> Problem details
Below is a block of records; please copy all of them exactly.

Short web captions

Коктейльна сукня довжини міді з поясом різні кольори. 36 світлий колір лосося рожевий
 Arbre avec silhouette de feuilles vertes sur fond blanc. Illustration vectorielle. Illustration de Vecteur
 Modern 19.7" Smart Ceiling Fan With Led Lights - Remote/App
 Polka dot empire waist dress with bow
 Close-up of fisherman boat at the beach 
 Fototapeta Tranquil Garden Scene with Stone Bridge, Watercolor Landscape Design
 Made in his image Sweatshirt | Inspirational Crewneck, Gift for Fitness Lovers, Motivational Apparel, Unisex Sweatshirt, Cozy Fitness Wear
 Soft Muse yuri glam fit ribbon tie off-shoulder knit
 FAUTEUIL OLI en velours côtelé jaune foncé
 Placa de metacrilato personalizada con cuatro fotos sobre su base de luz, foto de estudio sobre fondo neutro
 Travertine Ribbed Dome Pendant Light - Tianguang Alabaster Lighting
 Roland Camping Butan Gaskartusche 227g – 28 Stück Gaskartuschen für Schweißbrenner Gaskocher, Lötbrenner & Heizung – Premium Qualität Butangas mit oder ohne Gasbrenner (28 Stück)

> Written answer
Коктейльна сукня довжини міді з поясом різні кольори. 36 світлий колір лосося рожевий
 Arbre avec silhouette de feuilles vertes sur fond blanc. Illustration vectorielle. Illustration de Vecteur
 Modern 19.7" Smart Ceiling Fan With Led Lights - Remote/App
 Polka dot empire waist dress with bow
 Close-up of fisherman boat at the beach 
 Fototapeta Tranquil Garden Scene with Stone Bridge, Watercolor Landscape Design
 Made in his image Sweatshirt | Inspirational Crewneck, Gift for Fitness Lovers, Motivational Apparel, Unisex Sweatshirt, Cozy Fitness Wear
 Soft Muse yuri glam fit ribbon tie off-shoulder knit
 FAUTEUIL OLI en velours côtelé jaune foncé
 Placa de metacrilato personalizada con cuatro fotos sobre su base de luz, foto de estudio sobre fondo neutro
 Travertine Ribbed Dome Pendant Light - Tianguang Alabaster Lighting
 Roland Camping Butan Gaskartusche 227g – 28 Stück Gaskartuschen für Schweißbrenner Gaskocher, Lötbrenner & Heizung – Premium Qualität Butangas mit oder ohne Gasbrenner (28 Stück)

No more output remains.